804 TRIBUNAL CANTONAL CO09.004058-111382 252/I C H A M B R E D E S R E C O U R S
Arrêt du 28 septembre 2011
Présidence de M. C R E U X , Vice-président Juges:MM. Winzap et Pellet Greffier :Mme Nantermod Bernard
Art. 9 LDIP; 21 CL; 83, 405 al. 1, 465 al. 1 CPC-VD La Chambre des recours du Tribunal cantonal prend séance pour s’occuper du recours interjeté par E., à Gziza (Malte), contre le jugement incident rendu le 28 juin 2011 par le Juge instructeur de la Cour civile dans la cause divisant la recourante d’avec U., à Aigle, intimée à l'incident et défenderesse au fond. Délibérant à huis clos, la cour voit :
2 - E n f a i t : A.Par jugement incident du 28 juin 2011, dont les considérants ont été envoyés aux parties le 14 juillet 2011, le Juge instructeur de la Cour civile a rejeté la requête d'appel en cause déposée le 13 décembre 2010 par E.________ (I), arrêté les frais de l'incident à 1'800 fr. (II) et n'a pas alloué de dépens (III). Les éléments nécessaires à l'examen de la cause sont les suivants : 1.La demanderesse E.________ est une société régulièrement constituée selon le droit de l'Etat de Malte et qui a son siège à la Gziza, à Malte. La défenderesse U.________ est l'association des fédérations nationales du cyclisme. Il s'agit d'une association de droit suisse, régulièrement constituée, dont le siège est à Aigle. Son but est la direction, le développement, la réglementation, le contrôle, la discipline et la promotion du cyclisme dans toutes ses formes, au niveau international, et diverses activités.
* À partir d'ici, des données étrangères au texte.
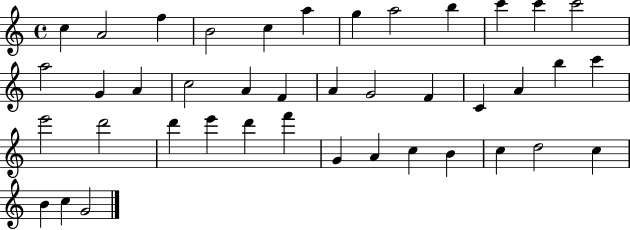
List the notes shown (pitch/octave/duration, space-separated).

C5/q A4/h F5/q B4/h C5/q A5/q G5/q A5/h B5/q C6/q C6/q C6/h A5/h G4/q A4/q C5/h A4/q F4/q A4/q G4/h F4/q C4/q A4/q B5/q C6/q E6/h D6/h D6/q E6/q D6/q F6/q G4/q A4/q C5/q B4/q C5/q D5/h C5/q B4/q C5/q G4/h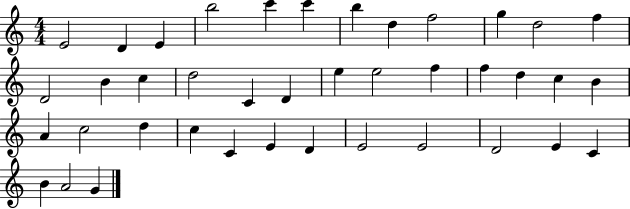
{
  \clef treble
  \numericTimeSignature
  \time 4/4
  \key c \major
  e'2 d'4 e'4 | b''2 c'''4 c'''4 | b''4 d''4 f''2 | g''4 d''2 f''4 | \break d'2 b'4 c''4 | d''2 c'4 d'4 | e''4 e''2 f''4 | f''4 d''4 c''4 b'4 | \break a'4 c''2 d''4 | c''4 c'4 e'4 d'4 | e'2 e'2 | d'2 e'4 c'4 | \break b'4 a'2 g'4 | \bar "|."
}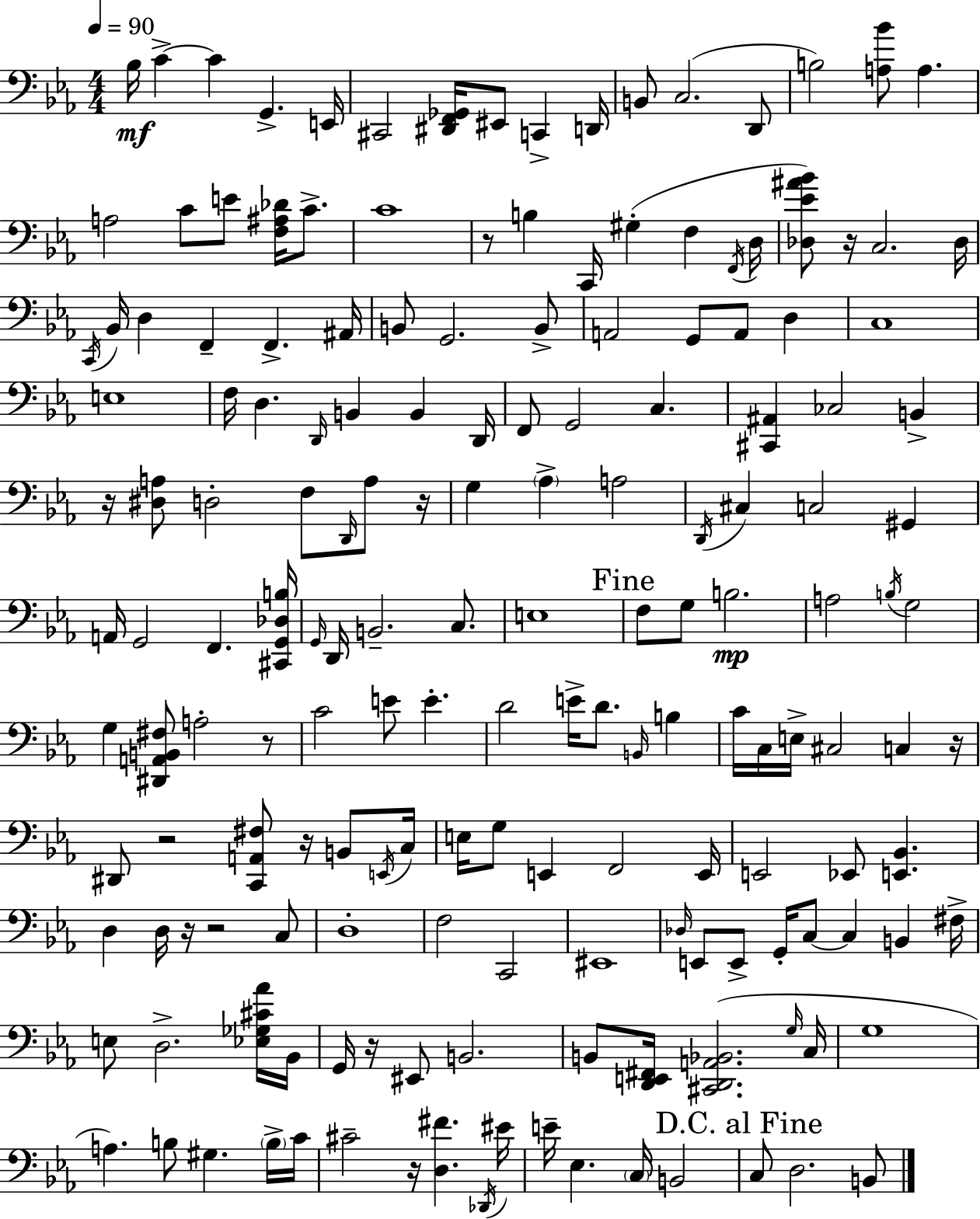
{
  \clef bass
  \numericTimeSignature
  \time 4/4
  \key ees \major
  \tempo 4 = 90
  bes16\mf c'4->~~ c'4 g,4.-> e,16 | cis,2 <dis, f, ges,>16 eis,8 c,4-> d,16 | b,8 c2.( d,8 | b2) <a bes'>8 a4. | \break a2 c'8 e'8 <f ais des'>16 c'8.-> | c'1 | r8 b4 c,16 gis4-.( f4 \acciaccatura { f,16 } | d16 <des ees' ais' bes'>8) r16 c2. | \break des16 \acciaccatura { c,16 } bes,16 d4 f,4-- f,4.-> | ais,16 b,8 g,2. | b,8-> a,2 g,8 a,8 d4 | c1 | \break e1 | f16 d4. \grace { d,16 } b,4 b,4 | d,16 f,8 g,2 c4. | <cis, ais,>4 ces2 b,4-> | \break r16 <dis a>8 d2-. f8 | \grace { d,16 } a8 r16 g4 \parenthesize aes4-> a2 | \acciaccatura { d,16 } cis4 c2 | gis,4 a,16 g,2 f,4. | \break <cis, g, des b>16 \grace { g,16 } d,16 b,2.-- | c8. e1 | \mark "Fine" f8 g8 b2.\mp | a2 \acciaccatura { b16 } g2 | \break g4 <dis, a, b, fis>8 a2-. | r8 c'2 e'8 | e'4.-. d'2 e'16-> | d'8. \grace { b,16 } b4 c'16 c16 e16-> cis2 | \break c4 r16 dis,8 r2 | <c, a, fis>8 r16 b,8 \acciaccatura { e,16 } c16 e16 g8 e,4 | f,2 e,16 e,2 | ees,8 <e, bes,>4. d4 d16 r16 r2 | \break c8 d1-. | f2 | c,2 eis,1 | \grace { des16 } e,8 e,8-> g,16-. c8~~ | \break c4 b,4 fis16-> e8 d2.-> | <ees ges cis' aes'>16 bes,16 g,16 r16 eis,8 b,2. | b,8 <d, e, fis,>16 <cis, d, a, bes,>2.( | \grace { g16 } c16 g1 | \break a4.) | b8 gis4. \parenthesize b16-> c'16 cis'2-- | r16 <d fis'>4. \acciaccatura { des,16 } eis'16 e'16-- ees4. | \parenthesize c16 b,2 \mark "D.C. al Fine" c8 d2. | \break b,8 \bar "|."
}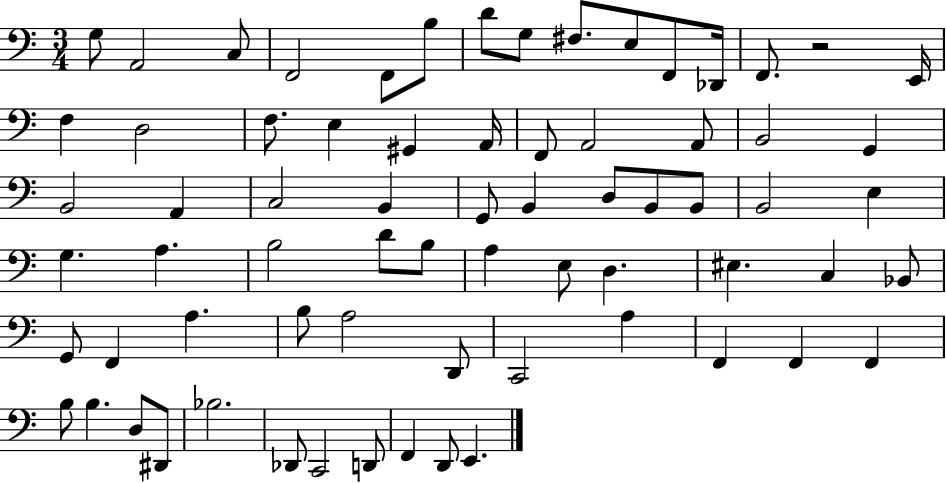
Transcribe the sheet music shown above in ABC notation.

X:1
T:Untitled
M:3/4
L:1/4
K:C
G,/2 A,,2 C,/2 F,,2 F,,/2 B,/2 D/2 G,/2 ^F,/2 E,/2 F,,/2 _D,,/4 F,,/2 z2 E,,/4 F, D,2 F,/2 E, ^G,, A,,/4 F,,/2 A,,2 A,,/2 B,,2 G,, B,,2 A,, C,2 B,, G,,/2 B,, D,/2 B,,/2 B,,/2 B,,2 E, G, A, B,2 D/2 B,/2 A, E,/2 D, ^E, C, _B,,/2 G,,/2 F,, A, B,/2 A,2 D,,/2 C,,2 A, F,, F,, F,, B,/2 B, D,/2 ^D,,/2 _B,2 _D,,/2 C,,2 D,,/2 F,, D,,/2 E,,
Elle organise des compétitions sportives et en réglemente les conditions de participation. 2.Par demande du 4 février 2009, E.________ a pris contre la défenderesse U., avec dépens, les conclusions suivantes : "I.-La défenderesse U. est la débitrice de la demanderesse E.________ et lui doit immédiat paiement de la somme de 378'150 euros (trois cent septante huit mille et cent cinquante euros), avec intérêts à 5 % l'an dès le 25 septembre 2008." Dans sa demande, E.________ a allégué avoir sponsorisé l'équipe [...], qui portait le nom de [...], gérée par la société M.________, laquelle est une personne morale régulièrement constituée selon le droit
3 - suédois, dont le siège est à Uppsala (Suède) et dont le but est d'administrer des équipes cyclistes professionnelles participant à différentes compétitions cyclistes européennes, d'organiser le financement de telles activités, ainsi que d'exercer toute activité en rapport avec ce but. Elle a ajouté qu'elle avait constitué en faveur de la défenderesse, conformément aux règlements édictés par cette dernière, une garantie bancaire à première demande, qui était notamment destinée au règlement des créances des membres de l'équipe (coureurs, entraîneurs, mécaniciens, etc.). Elle a encore allégué que des coureurs du [...] avaient fait valoir des prétentions, que la défenderesse avait fait appel à la garantie bancaire et que des fonds avaient été virés et bloqués sur un compte. Les prétentions des coureurs précités ayant été rejetées, elle soutenait que l'argent bloqué devait lui être restitué. Par réponse déposée le 25 novembre 2009, la défenderesse a conclu, avec suite de frais et dépens, au rejet des conclusions prises par la demanderesse. Elle soutenait que, conformément au règlement qu'elle avait édicté, l'argent bloqué ne pouvait être restitué qu'au responsable financier de l'équipe, savoir M.________ – dont le pouvoir de représentation est également régi par le règlement précité – et non à E.. Elle indiquait que, le 14 janvier 2009, E. l'avait informée de la révocation des pouvoirs de représentation de M.________ et qu'elle contestait à la demanderesse le droit de révoquer ce mandat de représentation, conformément à son règlement. Un délai au 10 décembre 2010 a été imparti à la demanderesse pour déposer une réplique. 3.Le 10 décembre 2010, la demanderesse a déposé une requête incidente d'appel en cause, dont les conclusions, avec dépens, sont les suivantes : "I.-Dans la procédure divisant E., demanderesse, de l'U., défenderesse, la demanderesse est autorisée à appeler en cause M.________, c/o [...], [...], aux fins de lui rendre opposable le
4 - jugement qui sera rendu dans la procédure divisant E., demanderesse, de l'U., défenderesse."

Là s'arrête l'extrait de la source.